The two other series in this exhibition are more formal explorations. The Four Colour Documents(2012–2013) are visual conjugations, each one showing four rectangles, of the size and ratio of A4 paper, created with lines in four basic colours: Black, blue, red and green. The rectangles are placed in different positions on the field, overlapping and creating different moiré effects and colour illusions as they interact. The drawings are an attempt at exhausting the possible interactions of these elements, to provide a complete and rigorous system, but instead of looking predictable they surprise us by turning the different configurations into a playfully choreographed dance, light and airy rather than sombre and stiff.
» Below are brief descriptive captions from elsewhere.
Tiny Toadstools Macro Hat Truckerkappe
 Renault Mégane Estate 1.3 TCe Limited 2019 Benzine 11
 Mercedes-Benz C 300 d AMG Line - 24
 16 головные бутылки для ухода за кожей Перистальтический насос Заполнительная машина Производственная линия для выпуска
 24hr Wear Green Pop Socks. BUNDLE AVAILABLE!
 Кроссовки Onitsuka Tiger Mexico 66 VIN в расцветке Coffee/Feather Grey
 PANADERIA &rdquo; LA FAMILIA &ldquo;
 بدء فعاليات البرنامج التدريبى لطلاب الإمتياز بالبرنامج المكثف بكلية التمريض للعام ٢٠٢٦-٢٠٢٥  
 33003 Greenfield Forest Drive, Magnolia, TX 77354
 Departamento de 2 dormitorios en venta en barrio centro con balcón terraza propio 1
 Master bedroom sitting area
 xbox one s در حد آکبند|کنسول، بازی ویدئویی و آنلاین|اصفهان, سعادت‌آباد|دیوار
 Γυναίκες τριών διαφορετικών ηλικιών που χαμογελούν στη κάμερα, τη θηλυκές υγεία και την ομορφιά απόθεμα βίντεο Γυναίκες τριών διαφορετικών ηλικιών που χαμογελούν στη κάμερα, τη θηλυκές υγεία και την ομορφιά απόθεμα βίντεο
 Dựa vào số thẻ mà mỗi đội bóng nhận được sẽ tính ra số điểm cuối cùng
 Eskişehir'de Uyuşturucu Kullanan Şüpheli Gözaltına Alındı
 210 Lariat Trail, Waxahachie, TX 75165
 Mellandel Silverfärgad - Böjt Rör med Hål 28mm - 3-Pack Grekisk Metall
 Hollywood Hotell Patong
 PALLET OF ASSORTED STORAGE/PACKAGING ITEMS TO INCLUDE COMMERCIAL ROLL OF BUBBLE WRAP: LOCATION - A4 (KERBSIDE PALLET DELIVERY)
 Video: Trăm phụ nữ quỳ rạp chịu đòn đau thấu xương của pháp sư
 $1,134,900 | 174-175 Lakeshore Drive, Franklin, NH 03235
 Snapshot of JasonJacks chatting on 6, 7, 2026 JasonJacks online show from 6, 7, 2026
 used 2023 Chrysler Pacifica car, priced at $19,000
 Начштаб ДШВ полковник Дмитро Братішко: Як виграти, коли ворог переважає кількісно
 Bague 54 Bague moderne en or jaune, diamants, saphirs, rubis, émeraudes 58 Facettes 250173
This is very much in the vein of Uriarte’s earlier work, such as his geometrical arrangements of office rulers, in revealing the playful possibilities inherent in even the most strictly regimented environments.
The sixteen drawings of the Amorphous Transition Matrix (2013–2014) reflect a slightly different approach. Beginning with a quickly drawn gesture, they show irregular oval outlines filled in with methodical scribbles, graded from the edges to give a texture and shape to the simple forms. Like the Four Colour Documents, these drawings exploit the ambivalent relationship of method and play, transforming a playful gesture into a methodical project which, again, results in a strangely organic object emerging on the paper.
As with all of Uriarte’s work, these three series work on many different levels. As strictly organised exercises – in the manner of Oulipo – they aim for completeness, exploring all the possibilities inherent in the rules the artist has set. The rules are clear and we see at a glance how they play out in each series. And yet there are surprises, unexpected transitions where regimentation segues over into play and we see glimpses of humour emerging from what otherwise might have been only mindless repetition. To see this accomplished with mere office supplies seems little short of a miracle.